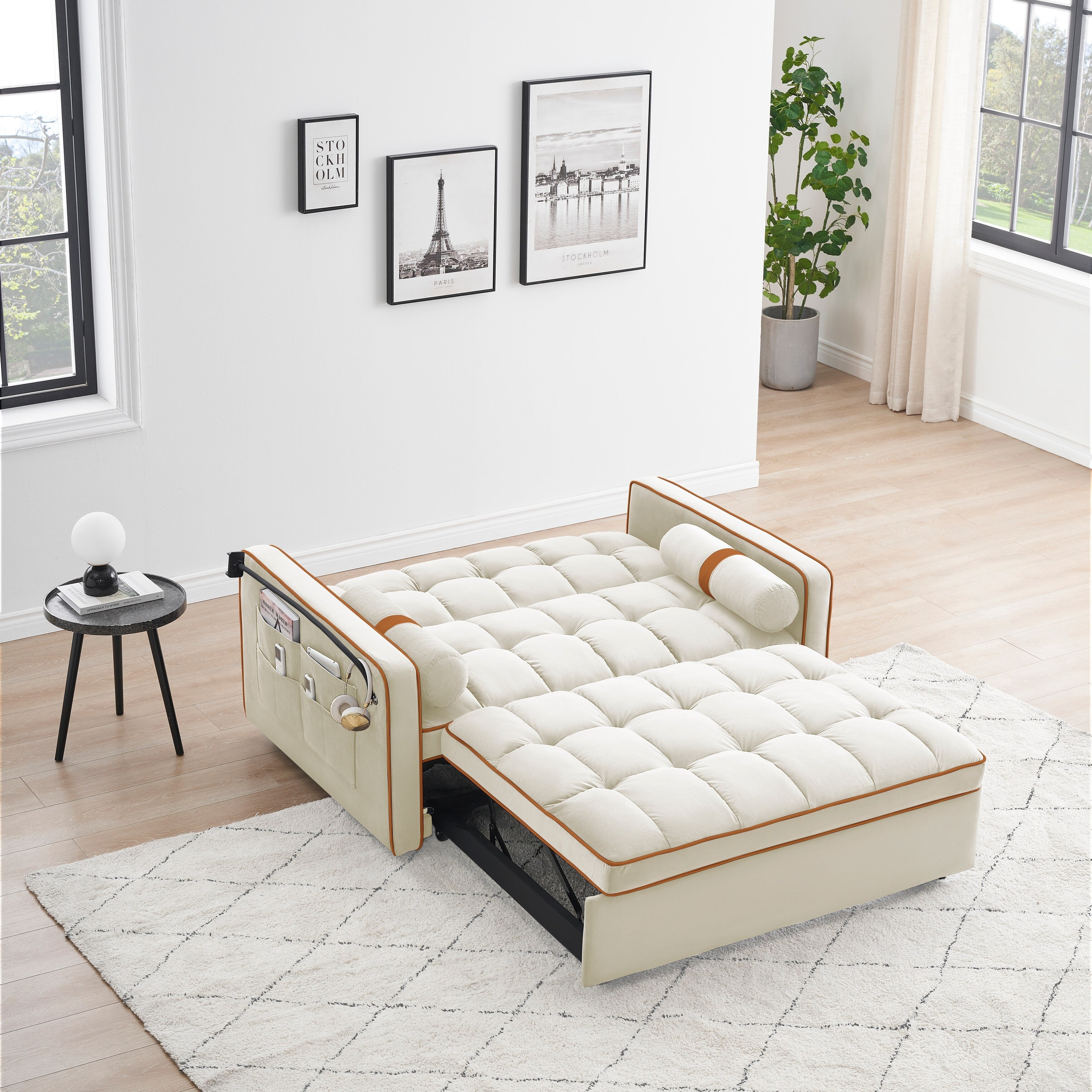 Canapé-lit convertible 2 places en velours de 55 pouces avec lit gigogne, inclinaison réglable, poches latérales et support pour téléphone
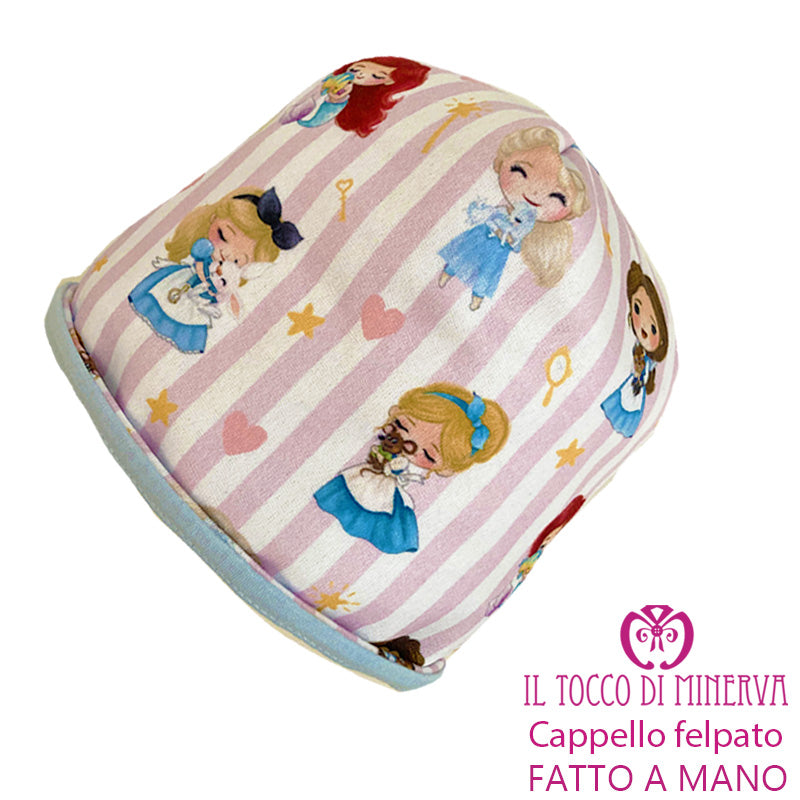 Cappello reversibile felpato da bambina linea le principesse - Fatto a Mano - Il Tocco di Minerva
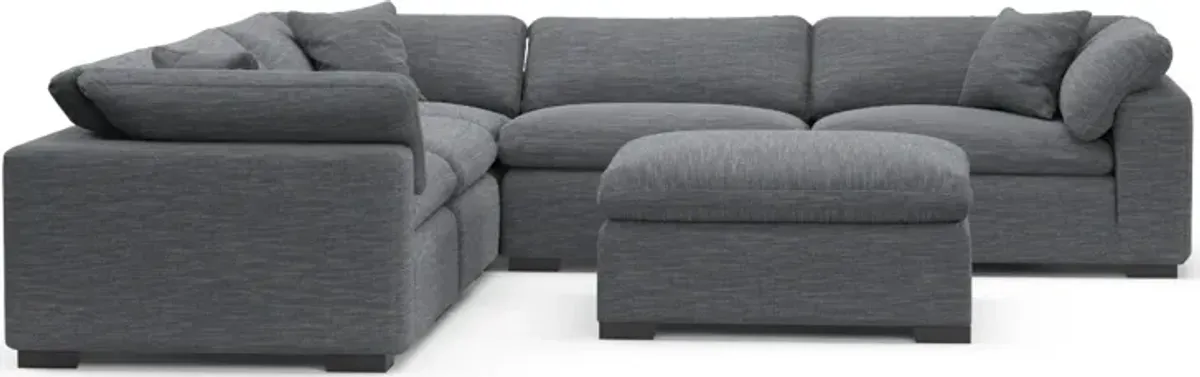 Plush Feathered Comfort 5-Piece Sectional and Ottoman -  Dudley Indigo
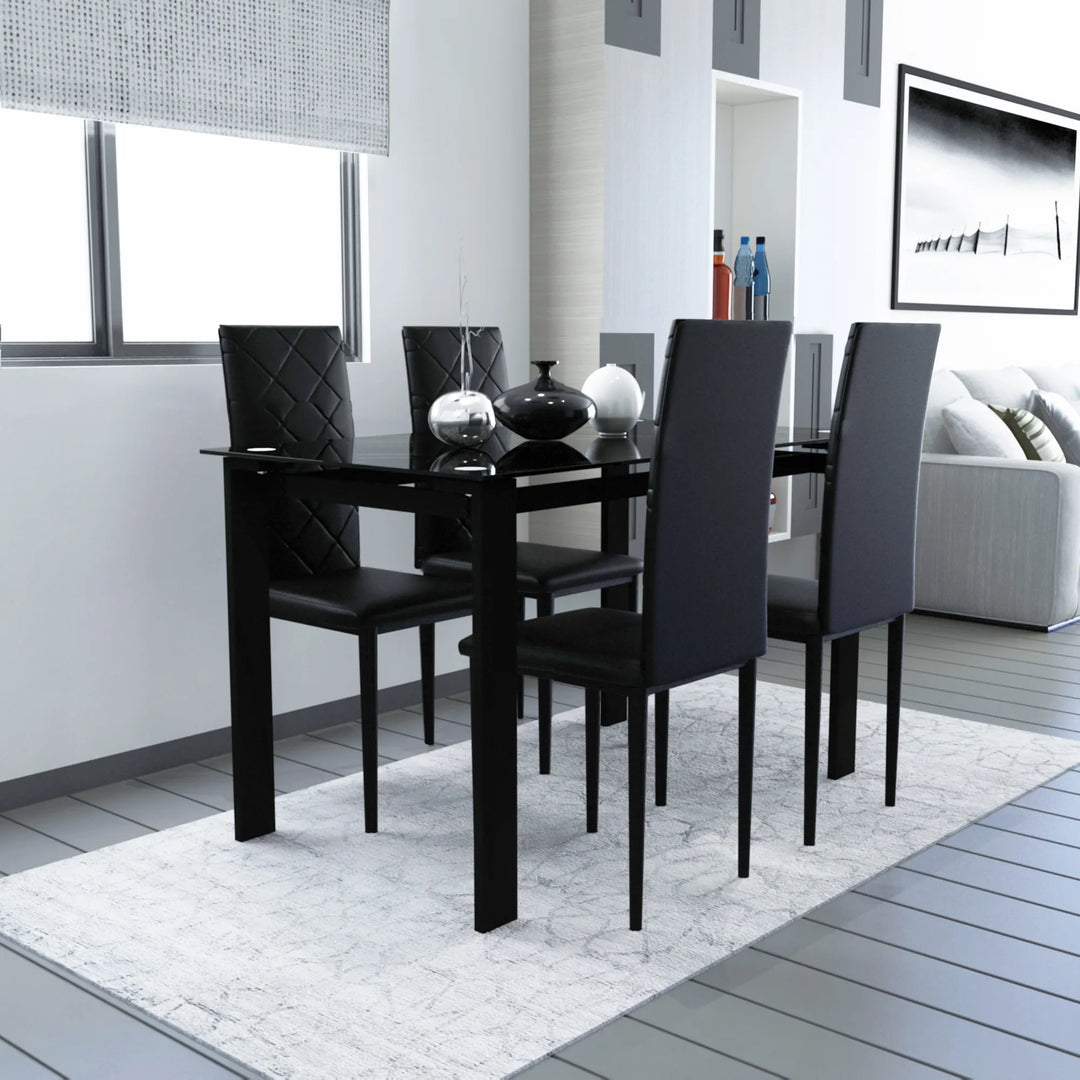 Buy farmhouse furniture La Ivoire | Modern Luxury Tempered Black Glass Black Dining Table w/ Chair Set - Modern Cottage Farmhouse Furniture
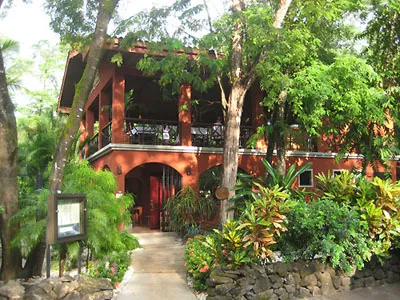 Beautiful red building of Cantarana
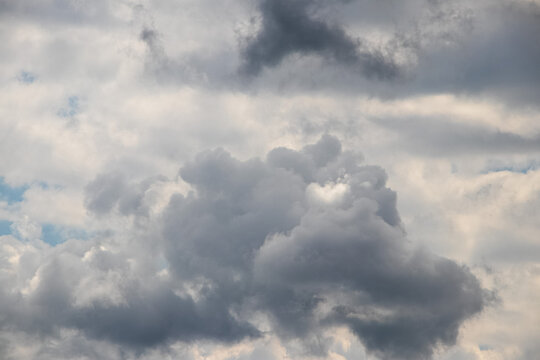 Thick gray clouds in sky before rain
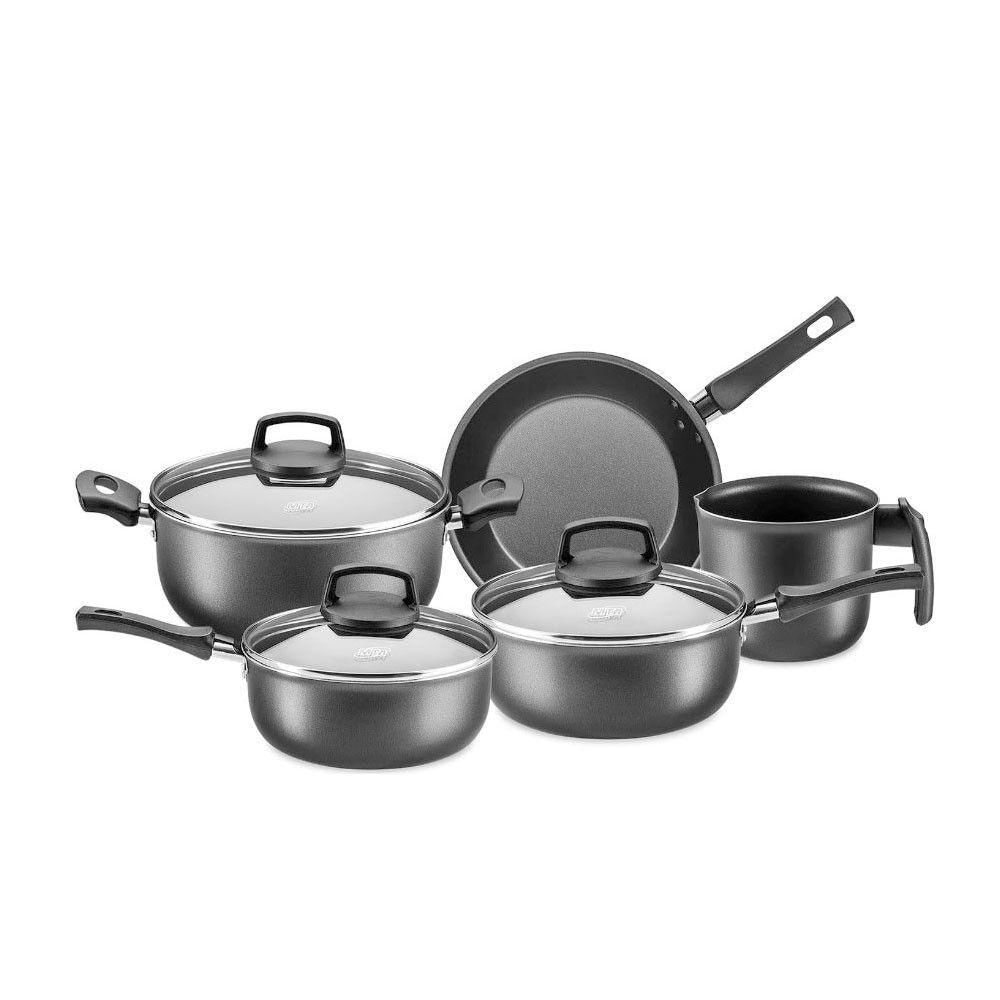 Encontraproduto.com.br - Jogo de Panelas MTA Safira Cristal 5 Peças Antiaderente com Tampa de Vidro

• **Instructions to follow**
Set down the full listing above with its wording unchanged. Leave out its images.

• **Answer to the exercise**
 Canapé-lit convertible 2 places en velours de 55 pouces avec lit gigogne, inclinaison réglable, poches latérales et support pour téléphone
 Cappello reversibile felpato da bambina linea le principesse - Fatto a Mano - Il Tocco di Minerva
 Plush Feathered Comfort 5-Piece Sectional and Ottoman -  Dudley Indigo
 Buy farmhouse furniture La Ivoire | Modern Luxury Tempered Black Glass Black Dining Table w/ Chair Set - Modern Cottage Farmhouse Furniture
 Beautiful red building of Cantarana
 Thick gray clouds in sky before rain
 Encontraproduto.com.br - Jogo de Panelas MTA Safira Cristal 5 Peças Antiaderente com Tampa de Vidro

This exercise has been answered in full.